This week, the childhood home of legendary singer and North Carolina native Nina Simone was granted a preservation easement. The house sits about 90 miles west of Charlotte in Tryon, and is where she taught herself to play the piano at the age of 3 before going on to be a classically-trained pianist. Preservation North Carolina partnered with the owners of the property and a coalition that included the National Trust for Historic Preservation in securing the easement.

Brent Leggs, executive director of the national trust’s African American Cultural Heritage Action Fund, explains what the easement designation means for Simone’s home.

Credit African American Cultural Heritage Action Fund
Brent Leggs

Brent Leggs: This means that that building will never be demolished and that it will always stand on that landscape with its architectural integrity. This is the strongest legal tool available to protect historic landmarks.

Gwendolyn Glenn: Have you visited the home of Nina Simone? And what condition is it in?

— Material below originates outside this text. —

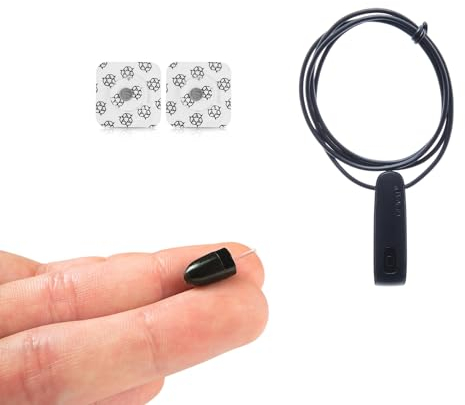 CooMax Auricolari Spia Bluetooth Nascosto Vip Pro Auricolare Invisibile Microfono Telefono Esami - Mini Cuffia Spia Invisibili Piccolo (Auricolari Spia Vip Pro UltraMini BT Microfono Integrato)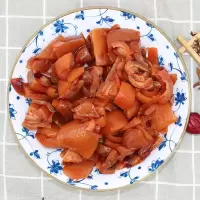 香卤五香猪皮熟食卤味小吃真空肉类即食猪皮 5件装 2件装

Leggs: Yes, I toured Nina Simone's house several times. And when we first got involved and designated Nina Simone's childhood home as a national treasure, the house was vacant. It was deteriorating. And we have, over the last two years, begun to develop the stewardship plans to determine how best to care for this historic building.

Glenn: What's in the home now? What was left that you could really connect to Nina Simone?

Leggs: I would say what's left in the house to connect to Nina Simone is the cultural legacy and memories that's embodied inside of this simple, unadorned, historic building that at first glance might not seem to have a lot of meaning and significance. But then you realize that Nina Simone was born here, that's where she learned her art, to play the piano.

In many ways, it's not the furnishings or artifacts that no longer exist or are connected to the house. It is the house itself, that cultural landscape, that Black neighborhood, that is essence of what we're preserving.

Glenn: And how large is the house? Describe it for me, for those who have never seen it before.

Leggs: So, imagine walking up a hill and you see this humble yet handsome three-room house sitting on pillars. So, it's elevated. You walk up four or five steps to the front porch and it's a fairly small front porch.

You walk in the front door and it's the main room. Just to the right is the bedroom. If you move to the rear, there's the other space. So it is a really small, humble space.

Glenn: And take us back a bit to the artist, the African American artist, who purchased the home to keep it from going into further disrepair and being possibly demolished.

Leggs: Four New York City-based visual artists, as an act of politics and arts activism, when they learned that Nina Simone's childhood home, was up for foreclosure and threatened, Adam Pendleton and the other three artists pooled their resources and bought the house. And they have entered into a formal partnership with the National Trust for Historic Preservation, which is supported through the African American Cultural Heritage Action Fund, which is the program that I run.

And what's exciting about this project, in many ways, it's an example of where preservationists and artists are co-creating to be able to envision a new future in life and being able to engage the public in most remarkable legacy, which is Nina Simone. And to demonstrate our commitment to equity and racial justice by preserving this American landmark.

Glenn: What other things are planned for it and how long will that process take?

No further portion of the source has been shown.